Sono misure spiacevoli ma necessarie per preservare un minimo di quello che chiamiamo civiltà.
Il sogno di una “civiltà globale” è, appunto, un sogno.
Se non ci fossero confini né barriere a difesa, vivremmo in un clima di guerriglia urbana perenne e sarebbe IMPOSSIBILE garantire un minimo di pace.
Guarda cosa è successo in Svezia, ad aprire i confini. Ne è venuto fuori un “mondo di mezzo” fatto di malavita.
Non capisco questo positivismo assoluto nel mescolare tutto e subito. Si può, certo, ed è sempre avvenuto, ma con calma, tempi molto diluiti e opportune selezioni.
Oggi aprire i confini così, alla figli dei fiori, vuol dire portarsi a casa come minimo l’ISIS – ed è praticamente già così, infatti i governanti europei camminano sulle uova, facendo fitna di niente, in attesa del prossimo attacco terroristico che AVVERRA’ sicuramente.

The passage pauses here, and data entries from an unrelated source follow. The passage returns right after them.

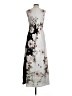 Shein 100% Polyester Floral Gray Casual Dress Size 4 - photo 2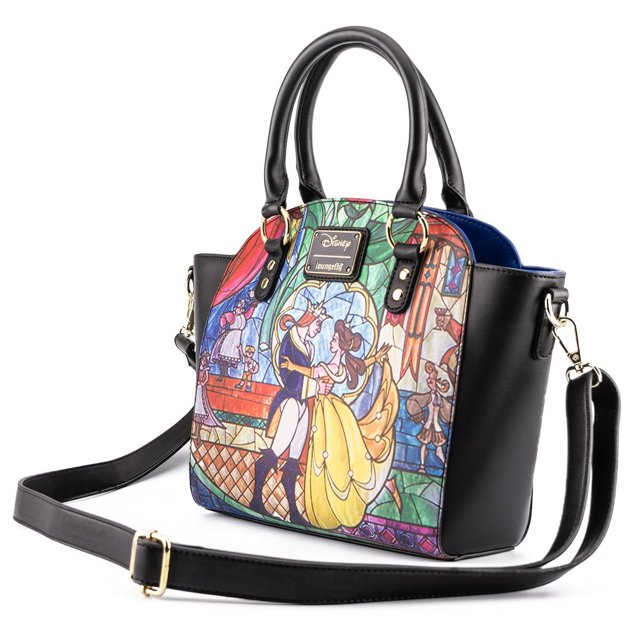 Loungefly X Disney: Castillo de Bella Bolso Cruzado Loungefly Bolso cruzado de Piel sintética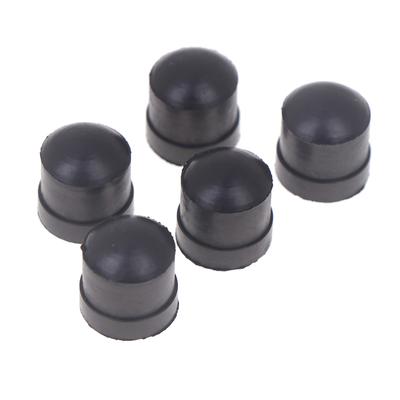 5 Stück Schwarz Posaune Gepolsterter Zugbogen Gummi Endkappen Stoßfänger Für Posaune Blechblasinstrument Reparatur Zubehör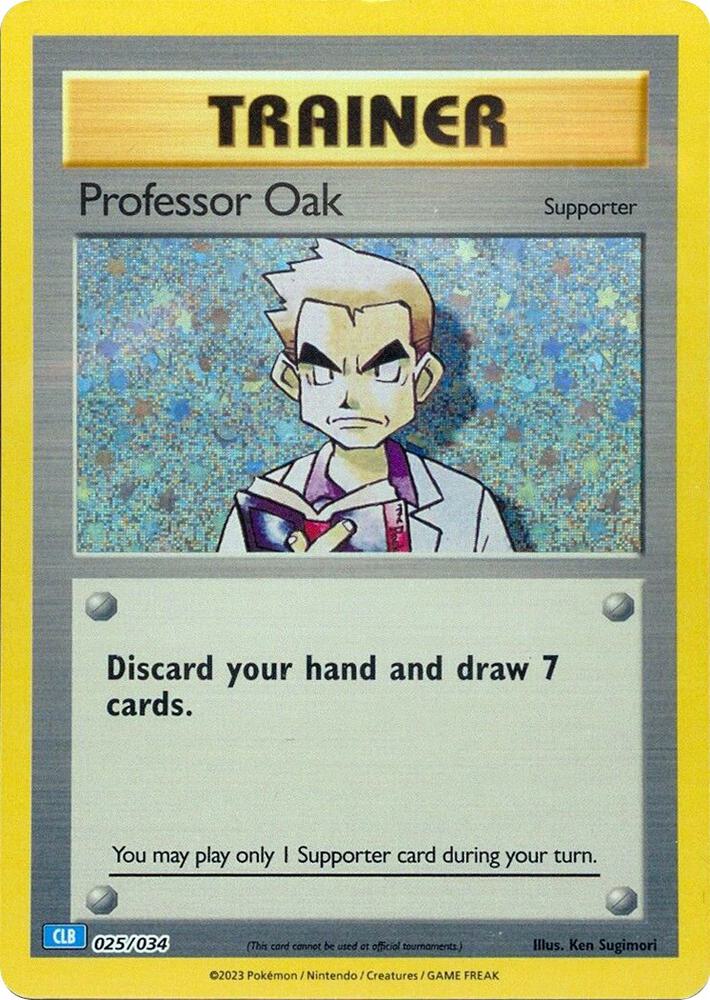 Professor Oak (CLB) card image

La vittoria delle destre in UE è la prova provata del fallimento totale di qualsiasi tentativo di “integrazione”.
L’integrazione poi è solo una paroletta che significa “import paralegale di manodopera a basso costo”.

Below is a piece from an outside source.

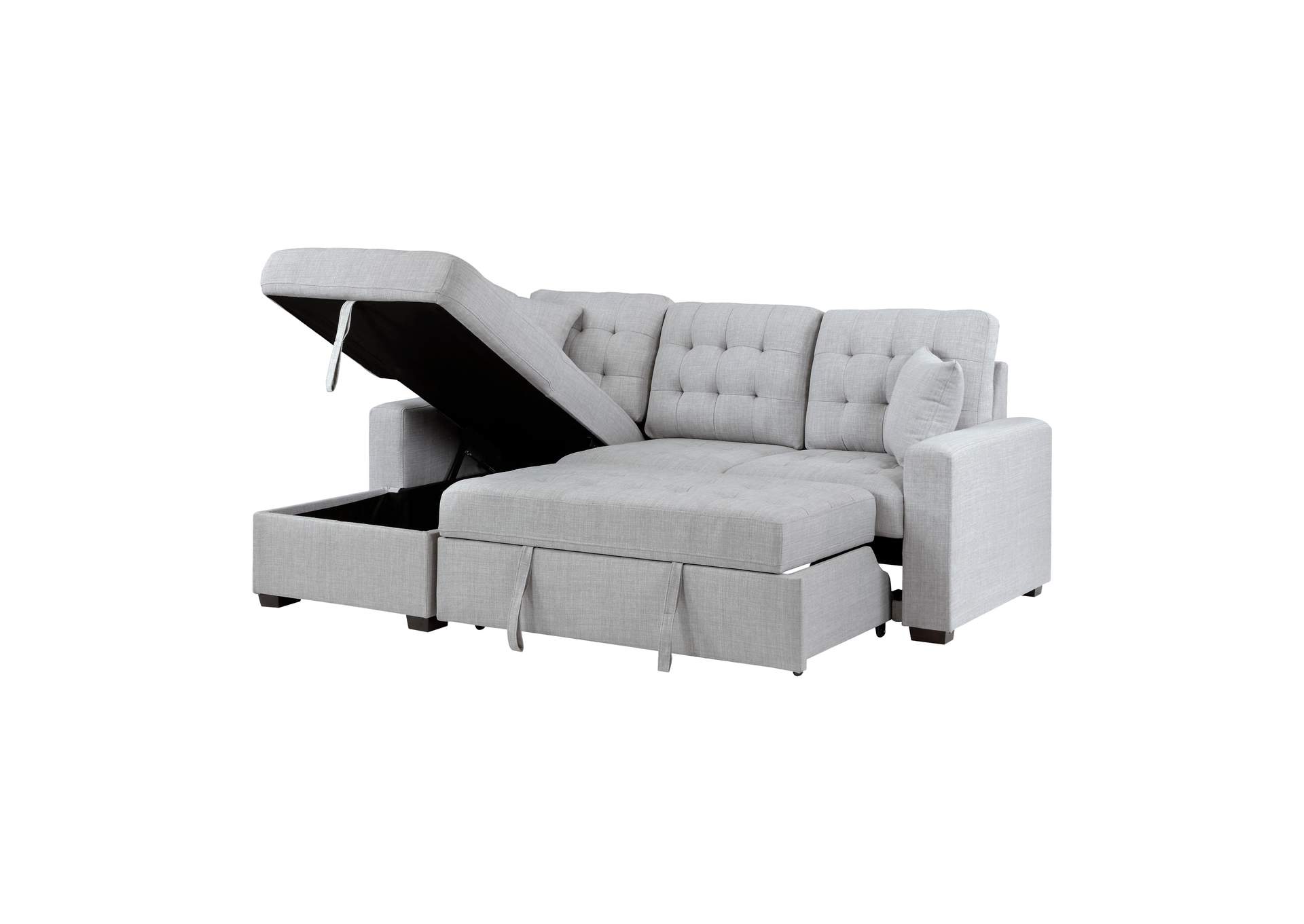 McCafferty 2-Piece Sectional with Pull-out Bed and Left Chaise with Hidden Storage image 7
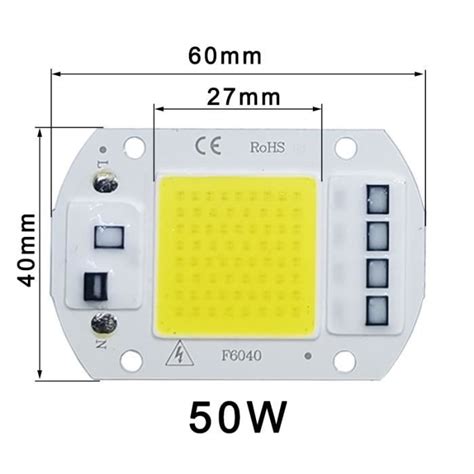 W Ac V Warm White Puce De Lampe Led Cob Ac V Ampoule Led W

Non ci crederai, ma li ho sentiti parlottare, i “piccoli imprentidori” italiani, nel mio lavoro, e la speranza che hanno è che ci siano più immigrati possibile da sfruttare e pagare 2 soldi, perché gli italiani non accettano più stipendi da fame per 8 ore davanti a una pressa, manco fossimo in un libro di Charles Dickens.
La storia che “ci pagheranno le pensioni” è una mezza verità. La verità è che pagano le ville con piscina a “Imprenditori” di tutti i settori di bassa manovalanza, di cui l’Italia è PIENA: muratori, operai non specializzati di tutti i tipi, gente che coglie i pomodori a mano.

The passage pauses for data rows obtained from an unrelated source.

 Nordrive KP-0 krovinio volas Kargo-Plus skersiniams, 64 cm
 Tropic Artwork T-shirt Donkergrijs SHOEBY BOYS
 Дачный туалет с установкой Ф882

Questa è l’Italia attuale, e si fa di tutto perché rimanga così.
Grazie del contributo.
Sarebbe bello guardare ai tanti ponti, oltre che ai muri. Magari dobbiamo rassegnarci a questi muri…C’erano, ci sono, ci saranno. Triste da ammettere ma forse rappresentano il risultato della competizione umana, a qualsiasi livello.
A questi muri fisici vorrei collegare quelli quasi invisibili delle prigioni mentali creati da meccanismi tossici e distorti dei social media. Credo si tratti sempre di competizione, ipocrisia e viltà umana.
E purtroppo, l’ultimo triste episodio è di oggi, con una persona di Agrigento, vittima di attacchi sui social media.
Non c’è limite ai muri, né alle brutture umane.
C’è tanto bisogno di luce. Bisogno di fare. Bisogno di nuove consapevolezze.
Quanti muri che non conoscevo! Che grande paradosso la nostra civiltà! Grazie per quest’altro bell’articolo.
Sai, Giuly, che non li ho nemmeno citati tutti i muri? Lo faccio rispondendoti. C’è il muro tra Arabia Saudita e Yemen, tra Iraq e Kuwait, lungo il confine tra Iran e Pakistan, tra Zimbabwe e Botswana, e poi i 2400 km di recinzione, tutt’ora in fase di completamento, che corrono lungo il confine tra Pakistan e Afghanistan, la cosiddetta Durand Line.
E non sono nemmeno sicuro di averli elencati tutti. Che amarezza.
Ti ringrazio per il commento, un saluto.
Tutto ciò che ci fa paura, che avvertiamo come minaccia, anche per preservare i nostri stili di vita, spesso usando paraocchi che non ci permettono di avere una visione oggettiva, bene tutto questo lo isoliamo dietro un muro.
Il muro più spietato che ergiamo è quello dell’ ipocrisia della politica con le sue agende nazionali, quello che ogni comune mortale erge secondo l’egoistico principio del mors tua vita mea. Oggi celebriamo la caduta di un muro, domani ne costruiamo altri, e nessuno presta attenzione. Ciò che elenchi mette ancora più in risalto la falsità, l’ipocrisia, inutilità di strutture sovranazionali come l’ONU, e corrispondenti organizzazioni pan europee, asiatiche etc.
Ognuno per se, Dio per tutti, in alcuni casi un Dio parziale contro tutti gli infedeli. Tutti a coltivare il proprio orticello.
*chiedo scusa per il refuso: ovviamente è “Peace Lines” e non “Pace Lines”.